User seit: 25.08.2006
Beiträge: 3171

BeitragVerfasst am: 02.02.2007 12:48    Titel: The Innocents (GB 1961, J. Clayton) Antworten mit Zitat

gesehen am 27.12.2006, 12.01.2007 (DVD) und 17.11.2011 (BD); 5/5

England, Ende des 19. Jahrhunderts: Die Gouvernante Miss Giddens wird in einem entlegenen Landhaus mit der Erziehung der wohlerzogenen Waisenkinder Flora und Miles beauftragt. Voller Eifer widmet sich Miss Giddens der Arbeit, die Kinder sind gehorsam, doch der wohlige Schein trügt: Furchtbares hat sich bereits in dem Landhaus ereignet. Mysteriöse Umstände und geisterhafte Erscheinungen lassen die Gouvernante befürchten, die beiden Kinder seien besessen...
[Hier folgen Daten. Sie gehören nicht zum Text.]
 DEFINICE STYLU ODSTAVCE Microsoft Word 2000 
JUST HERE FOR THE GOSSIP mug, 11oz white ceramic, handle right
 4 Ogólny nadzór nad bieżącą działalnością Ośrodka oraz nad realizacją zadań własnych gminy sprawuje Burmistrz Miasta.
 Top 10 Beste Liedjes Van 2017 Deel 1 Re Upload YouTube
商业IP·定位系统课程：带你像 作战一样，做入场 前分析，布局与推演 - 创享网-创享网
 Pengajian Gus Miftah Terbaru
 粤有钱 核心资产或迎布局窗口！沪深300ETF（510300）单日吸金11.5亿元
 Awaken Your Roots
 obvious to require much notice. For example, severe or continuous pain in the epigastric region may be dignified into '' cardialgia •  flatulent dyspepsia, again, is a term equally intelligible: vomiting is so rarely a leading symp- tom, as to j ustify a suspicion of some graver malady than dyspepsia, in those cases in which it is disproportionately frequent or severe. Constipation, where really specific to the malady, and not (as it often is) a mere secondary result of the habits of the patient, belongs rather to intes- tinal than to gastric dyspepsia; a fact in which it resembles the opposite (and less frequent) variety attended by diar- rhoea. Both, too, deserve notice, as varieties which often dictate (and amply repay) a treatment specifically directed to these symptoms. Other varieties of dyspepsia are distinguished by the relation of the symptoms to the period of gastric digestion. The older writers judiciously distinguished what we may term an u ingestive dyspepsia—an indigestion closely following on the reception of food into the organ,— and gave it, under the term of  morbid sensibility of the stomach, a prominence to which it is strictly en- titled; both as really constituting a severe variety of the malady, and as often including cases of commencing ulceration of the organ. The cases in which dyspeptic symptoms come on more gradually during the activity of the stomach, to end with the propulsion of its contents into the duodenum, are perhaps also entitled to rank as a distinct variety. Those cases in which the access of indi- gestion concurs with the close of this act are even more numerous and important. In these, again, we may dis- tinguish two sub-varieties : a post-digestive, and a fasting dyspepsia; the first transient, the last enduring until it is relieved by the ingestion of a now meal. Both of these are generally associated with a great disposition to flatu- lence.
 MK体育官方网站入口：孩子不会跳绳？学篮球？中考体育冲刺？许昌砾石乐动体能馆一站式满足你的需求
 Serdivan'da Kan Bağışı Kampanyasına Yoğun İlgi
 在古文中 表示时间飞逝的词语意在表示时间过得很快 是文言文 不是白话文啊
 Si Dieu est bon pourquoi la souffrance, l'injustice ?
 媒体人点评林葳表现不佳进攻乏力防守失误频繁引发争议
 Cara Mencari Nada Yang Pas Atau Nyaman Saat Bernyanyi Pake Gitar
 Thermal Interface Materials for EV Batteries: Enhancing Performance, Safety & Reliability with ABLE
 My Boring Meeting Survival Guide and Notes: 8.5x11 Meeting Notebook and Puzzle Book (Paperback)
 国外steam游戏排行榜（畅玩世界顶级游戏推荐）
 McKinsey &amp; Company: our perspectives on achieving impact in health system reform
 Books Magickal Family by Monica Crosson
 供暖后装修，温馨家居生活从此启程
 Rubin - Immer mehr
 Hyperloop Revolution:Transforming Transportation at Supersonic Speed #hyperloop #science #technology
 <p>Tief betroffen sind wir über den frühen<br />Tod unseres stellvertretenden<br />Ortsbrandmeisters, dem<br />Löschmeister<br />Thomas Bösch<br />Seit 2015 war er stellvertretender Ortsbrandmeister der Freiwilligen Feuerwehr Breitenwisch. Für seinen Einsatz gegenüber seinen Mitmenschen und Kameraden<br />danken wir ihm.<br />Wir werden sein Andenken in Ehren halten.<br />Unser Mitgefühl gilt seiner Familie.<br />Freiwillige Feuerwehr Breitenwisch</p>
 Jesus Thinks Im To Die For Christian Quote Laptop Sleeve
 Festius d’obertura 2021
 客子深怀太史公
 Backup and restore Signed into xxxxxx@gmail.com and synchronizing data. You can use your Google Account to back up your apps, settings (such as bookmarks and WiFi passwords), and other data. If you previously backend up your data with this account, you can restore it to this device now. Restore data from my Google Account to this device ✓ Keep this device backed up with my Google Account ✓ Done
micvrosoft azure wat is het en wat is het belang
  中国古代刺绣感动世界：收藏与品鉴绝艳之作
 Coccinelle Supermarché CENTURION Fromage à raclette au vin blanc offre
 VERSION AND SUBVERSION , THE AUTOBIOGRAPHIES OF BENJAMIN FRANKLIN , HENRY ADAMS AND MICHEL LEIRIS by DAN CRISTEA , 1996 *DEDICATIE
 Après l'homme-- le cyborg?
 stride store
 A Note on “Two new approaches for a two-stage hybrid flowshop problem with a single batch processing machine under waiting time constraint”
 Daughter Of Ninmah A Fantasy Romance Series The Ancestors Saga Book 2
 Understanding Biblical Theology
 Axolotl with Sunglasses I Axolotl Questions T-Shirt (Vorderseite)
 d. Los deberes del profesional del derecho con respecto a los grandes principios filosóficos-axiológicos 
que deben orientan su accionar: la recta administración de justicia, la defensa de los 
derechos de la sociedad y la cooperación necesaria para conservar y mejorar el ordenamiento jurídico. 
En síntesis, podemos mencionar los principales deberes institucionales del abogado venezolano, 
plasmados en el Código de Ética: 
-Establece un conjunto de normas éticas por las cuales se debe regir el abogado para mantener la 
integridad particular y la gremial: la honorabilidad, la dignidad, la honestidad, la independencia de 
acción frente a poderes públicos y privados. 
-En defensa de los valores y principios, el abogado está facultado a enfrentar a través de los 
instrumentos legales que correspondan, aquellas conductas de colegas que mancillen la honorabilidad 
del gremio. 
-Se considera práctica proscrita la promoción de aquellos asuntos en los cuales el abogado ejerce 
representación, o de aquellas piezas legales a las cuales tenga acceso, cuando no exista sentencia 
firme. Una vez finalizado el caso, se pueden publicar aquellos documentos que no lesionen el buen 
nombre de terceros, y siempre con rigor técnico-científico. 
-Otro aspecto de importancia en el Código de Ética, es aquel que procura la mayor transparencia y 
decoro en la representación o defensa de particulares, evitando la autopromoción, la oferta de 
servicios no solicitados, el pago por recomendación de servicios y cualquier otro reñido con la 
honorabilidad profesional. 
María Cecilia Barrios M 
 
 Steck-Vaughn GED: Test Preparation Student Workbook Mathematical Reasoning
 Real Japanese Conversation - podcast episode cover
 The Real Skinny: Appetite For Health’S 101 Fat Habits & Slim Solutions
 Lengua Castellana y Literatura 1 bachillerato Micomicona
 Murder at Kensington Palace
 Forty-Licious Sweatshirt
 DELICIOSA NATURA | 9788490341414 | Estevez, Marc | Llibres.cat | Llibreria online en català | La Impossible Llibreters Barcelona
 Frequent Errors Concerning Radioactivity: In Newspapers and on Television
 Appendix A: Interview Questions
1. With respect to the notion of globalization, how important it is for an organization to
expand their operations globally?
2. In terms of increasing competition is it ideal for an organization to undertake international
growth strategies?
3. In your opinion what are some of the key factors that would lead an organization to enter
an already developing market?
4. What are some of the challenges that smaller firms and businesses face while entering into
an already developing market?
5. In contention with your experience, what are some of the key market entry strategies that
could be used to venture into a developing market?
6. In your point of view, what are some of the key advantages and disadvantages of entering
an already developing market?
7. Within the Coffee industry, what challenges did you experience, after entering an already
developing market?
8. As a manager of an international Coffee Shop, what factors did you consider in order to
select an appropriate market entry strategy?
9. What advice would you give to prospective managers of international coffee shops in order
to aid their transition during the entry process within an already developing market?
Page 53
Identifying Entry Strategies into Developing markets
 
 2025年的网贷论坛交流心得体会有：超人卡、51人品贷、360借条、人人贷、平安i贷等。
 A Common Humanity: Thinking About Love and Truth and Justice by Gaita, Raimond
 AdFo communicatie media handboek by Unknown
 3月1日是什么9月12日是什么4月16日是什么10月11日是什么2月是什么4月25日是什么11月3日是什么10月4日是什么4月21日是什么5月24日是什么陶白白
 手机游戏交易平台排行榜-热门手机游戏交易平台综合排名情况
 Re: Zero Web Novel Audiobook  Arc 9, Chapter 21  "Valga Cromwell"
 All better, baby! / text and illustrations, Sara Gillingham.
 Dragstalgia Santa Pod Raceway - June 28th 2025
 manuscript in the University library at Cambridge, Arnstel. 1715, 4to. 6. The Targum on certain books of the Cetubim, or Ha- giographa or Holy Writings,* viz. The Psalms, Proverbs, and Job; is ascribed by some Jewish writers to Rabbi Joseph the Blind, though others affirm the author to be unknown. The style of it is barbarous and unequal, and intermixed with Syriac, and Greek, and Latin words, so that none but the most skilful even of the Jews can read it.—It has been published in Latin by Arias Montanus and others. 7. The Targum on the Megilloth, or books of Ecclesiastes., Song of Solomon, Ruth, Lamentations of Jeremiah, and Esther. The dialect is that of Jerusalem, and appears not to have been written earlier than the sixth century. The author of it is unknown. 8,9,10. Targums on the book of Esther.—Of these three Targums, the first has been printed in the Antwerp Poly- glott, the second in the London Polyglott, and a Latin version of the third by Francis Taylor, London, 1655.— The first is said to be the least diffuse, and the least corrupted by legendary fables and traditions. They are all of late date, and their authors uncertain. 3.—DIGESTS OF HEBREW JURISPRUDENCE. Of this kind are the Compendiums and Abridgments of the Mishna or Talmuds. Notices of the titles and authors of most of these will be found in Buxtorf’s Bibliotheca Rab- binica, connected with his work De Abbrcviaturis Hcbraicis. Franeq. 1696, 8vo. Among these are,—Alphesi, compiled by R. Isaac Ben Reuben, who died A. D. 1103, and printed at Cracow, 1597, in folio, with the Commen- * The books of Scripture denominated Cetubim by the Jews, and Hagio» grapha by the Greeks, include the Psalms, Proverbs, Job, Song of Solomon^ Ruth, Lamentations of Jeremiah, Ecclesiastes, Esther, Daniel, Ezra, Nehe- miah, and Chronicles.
Als eine der großartigsten und beunruhigendsten Geistergeschichten, die je geschrieben wurden, ist Henry James’ „The turn of screw“ auch gleichzeitig eine der am häufigsten als Vorlage benutzen Geschichten dieser Gattung. Neben dem recht gelungenen „The Others“ (2001) von Alejandro Almenábar und zahlreichen anderen Fernsehverfilmungen ist Jack Claytons Verfilmung „The Innocents“ einer der besten Filme des Horrorgenres überhaupt. Was all diese übernatürlichen Geschehnisse so aufreibend macht und dafür sorgte, dass sowohl James’ Geschichte als auch Claytons Film ihre Zeit überdauerten, ist die Tatsache, dass man sich zu keinem Zeitpunkt über den Ursprung der Ereignisse sicher sein kann bzw. nicht darüber, ob es überhaupt real ist oder nur den Einbildungen der Gouvernante entspringt. Alles ist verschleiert in Andeutungen und Geheimnissen, angefangen bei den Geschichten um den Onkel der Kinder, Quint, und den unbekannten Umständen, die zum Tod der Eltern führten bis hin zum Tod der Vorgängerin von Miss Giddens, Miss Jessel. All diese rätselhaften Eindrücke und dazu ihre Sorge um das Wohlergehen der Kinder haben tiefgreifende (psychische) Auswirkungen auf Miss Giddens.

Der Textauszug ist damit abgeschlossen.